Fernando Henrique Cardoso indicou três ministros. Um deles, Gilmar Mendes – tal como Toffoli para Lula –, era seu advogado-geral da União. “Esse Toffoli, que só vi uma vez na vida, o Senado tinha que tê-lo investigado muito mais”, disse o ex-presidente. “Tinha que ter feito isso porque ele foi advogado do PT, foi advogado pessoal do Lula, e é muito moço, não tem títulos. Não estou dizendo que não pudesse ter aprovado a indicação. Mas devia demonstrar para a opinião pública que, pelo menos, ele tinha potencial para ser um bom ministro. Tenho uma boa impressão dele, acho até que vai virar um bom juiz. Mas acho arriscado nomear alguém que pode virar um bom juiz. É melhor botar alguém que já seja.” Ao ser indicado, Toffoli tinha uma condenação em primeira instância, da qual foi posteriormente absolvido.
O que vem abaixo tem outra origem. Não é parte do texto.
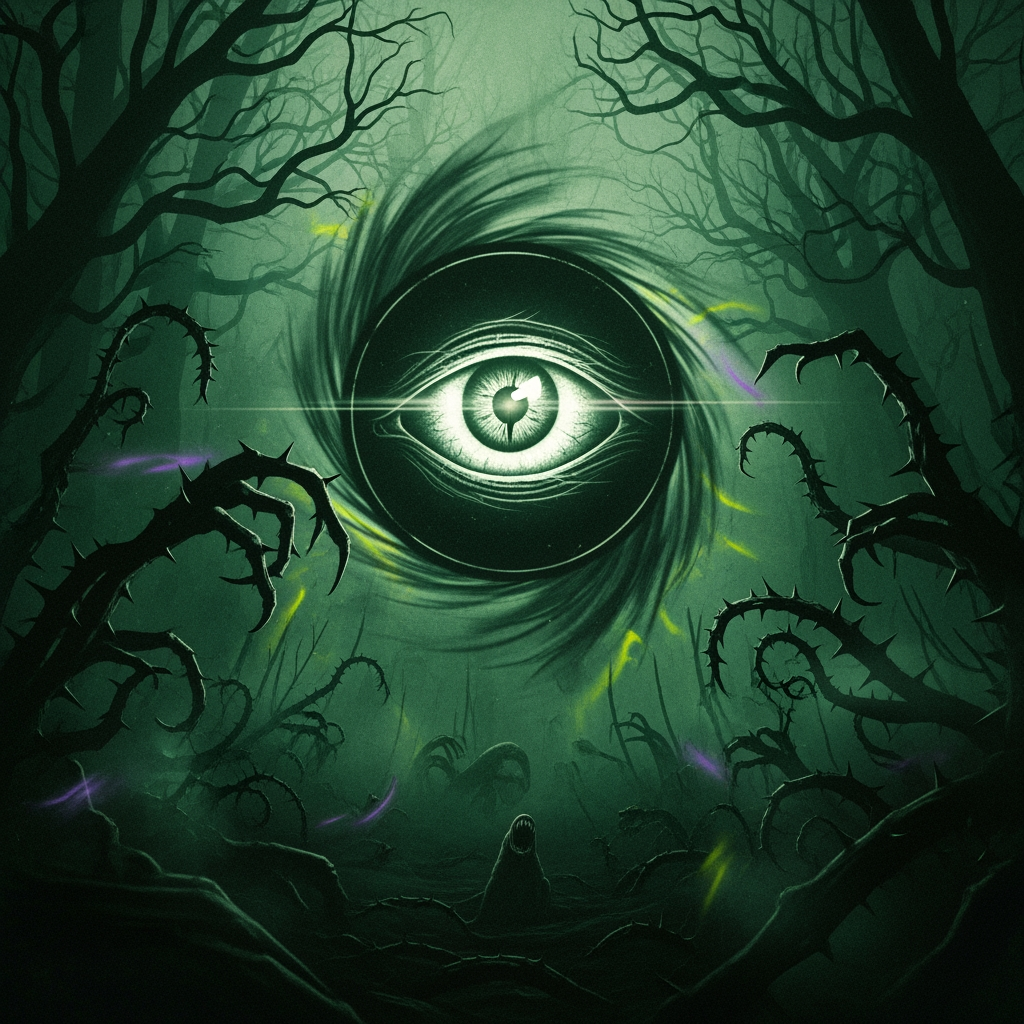 AI Design for make a video in which illuminati eye logo dark green horror sence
Ainda que tenha indicado oito juízes, Lula nunca teve a maioria da corte. Tanto que o Supremo lhe criou embaraços ao aceitar a denúncia dos implicados no mensalão. E contrariou expressamente uma decisão do ministro da Justiça quando deliberou que Cesare Battisti pode ser extraditado. Tampouco se pode dizer que nele exista uma ala de esquerda e outra de direita. Nem que haja uma clivagem entre conservadores, liberais e progressistas, seja em matéria social, econômica ou de costumes.

Nos Estados Unidos, a existência secular de dois campos bem definidos, o republicano e o democrata, encontra expressão ideológica na Corte Suprema. Lá, todo mundo sabe quem são os juízes conservadores e liberais. No Brasil, a polarização entre PT e PSDB é recentíssima, não teve projeção institucional – e ambos dependem da geleia geral peemedebista. E mesmo que se admita que os dois partidos tenham uma ideologia identificável, ainda assim é difícil discernir um do outro no terreno dos princípios jurídicos.

A ausência de balizas é agravada pela irrelevância da jurisprudência no Judiciário brasileiro. Uma decisão do Supremo não cria uma norma que venha a servir de orientação no futuro. Com o desrespeito frequente ao que foi previamente decidido, o tratamento de uma mesma questão, em poucos anos, pode ser bastante diferente. Com isso, os juízes estão à vontade para atuar individualmente.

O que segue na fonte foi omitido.